Avro file format is one of the popular file formats in Hadoop based applications. Avro is an Apache™ open source project that provides data serialization and data exchange services for Hadoop®. These services can be used together or independently. Using Avro, big data can be exchanged between programs written in any language
Highlighted certification item is covered as part of this topic.
Use Data Definition Language (DDL) to create tables in the Hive metastore for use by Hive and Impala.

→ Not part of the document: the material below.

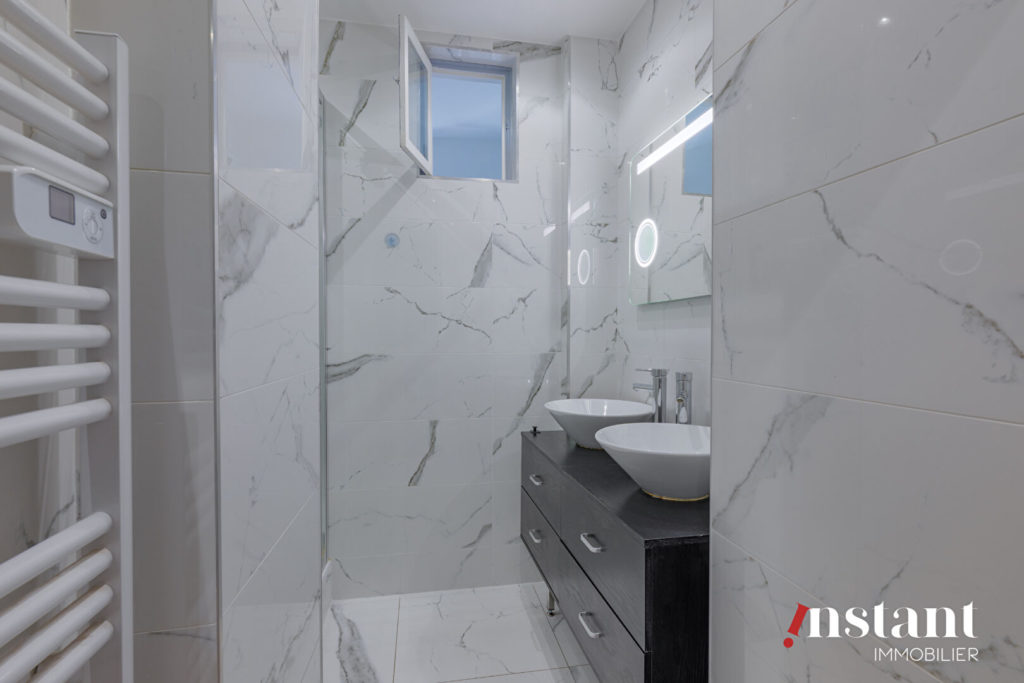 Nouveauté – SOUS OFFRE – Exclusivité – T3 avec vue sur Lyon – Sainte Foy les Lyon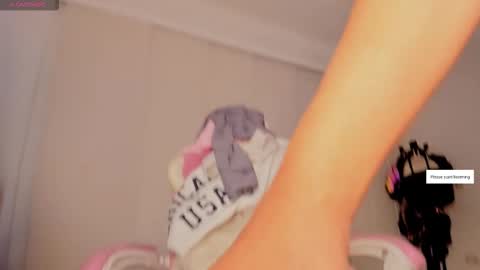 Laura online show from 03-02-26, 04:47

- Read and/or create a table in the Hive metastore in a given schema
- Extract an Avro schema from a set of datafiles using avro-tools
- Create a table in the Hive metastore using the Avro file format and an external schema file
- Improve query performance by creating partitioned tables in the Hive metastore
- Evolve an Avro schema by changing JSON files
Here is the video which explains the process of creating hive partitioned table using avro file format
- Here is the example for creating tables with different names than column names in avsc files
CREATE TABLE orders_part_avro ( order_id int, order_date bigint, order_customer_id int, order_status string ) PARTITIONED BY (order_month string) STORED AS AVRO LOCATION 'hdfs:///user/cloudera/sqoop_import/orders_part_avro' TBLPROPERTIES ('avro.schema.url'='hdfs://quickstart.cloudera/user/cloudera/avsc_files/orders_part_avro.avsc');